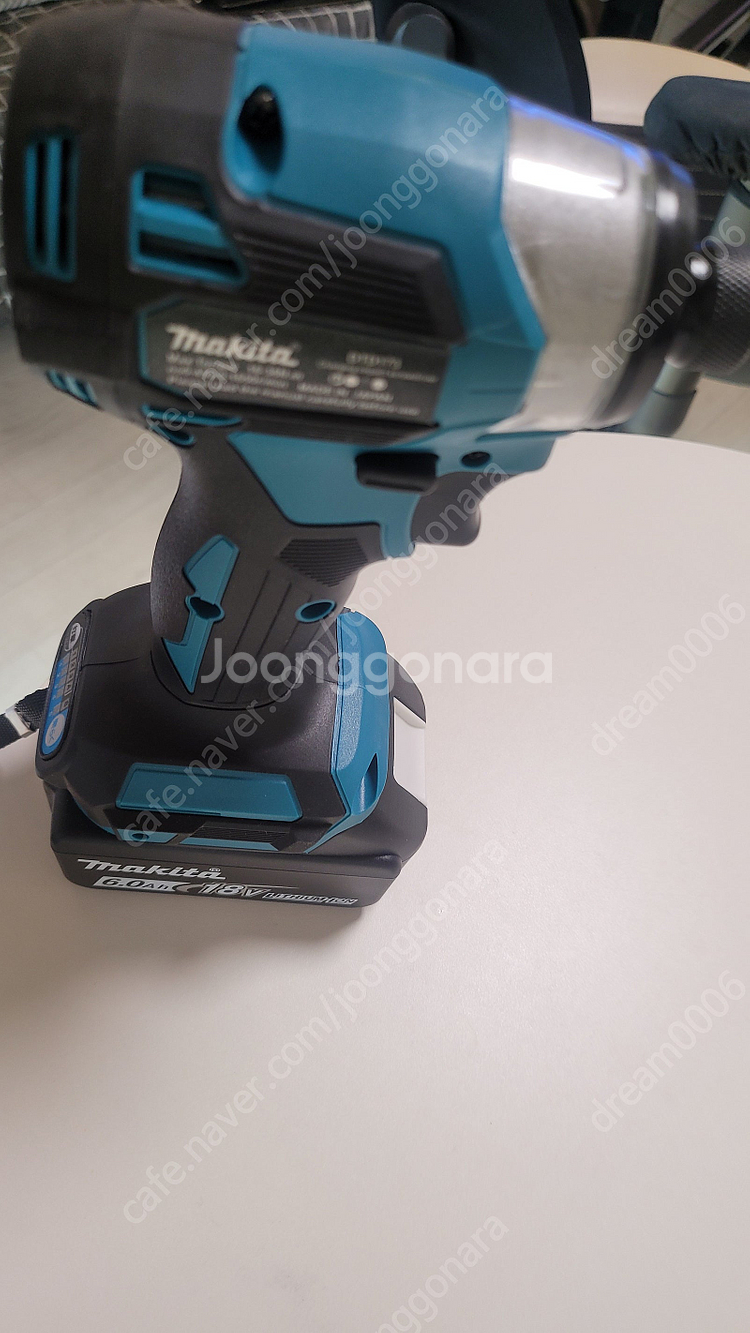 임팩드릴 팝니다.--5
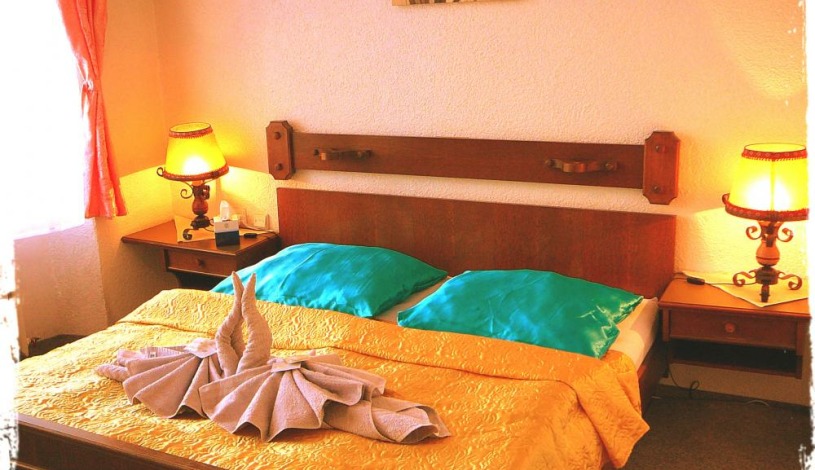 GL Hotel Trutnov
══════════
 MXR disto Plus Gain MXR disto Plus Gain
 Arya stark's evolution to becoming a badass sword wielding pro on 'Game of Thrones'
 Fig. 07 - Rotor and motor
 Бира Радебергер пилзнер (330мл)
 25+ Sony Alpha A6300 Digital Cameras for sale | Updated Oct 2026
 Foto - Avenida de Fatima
══════════
ASSIGNMENT ->
Copy out, exactly and alone, the lines of the entries above between the ones holding "Arya stark's evolution" and "Foto - Avenida de Fatima", inclusive.

SOLUTION FOR THIS TASK ->
 Arya stark's evolution to becoming a badass sword wielding pro on 'Game of Thrones'
 Fig. 07 - Rotor and motor
 Бира Радебергер пилзнер (330мл)
 25+ Sony Alpha A6300 Digital Cameras for sale | Updated Oct 2026
 Foto - Avenida de Fatima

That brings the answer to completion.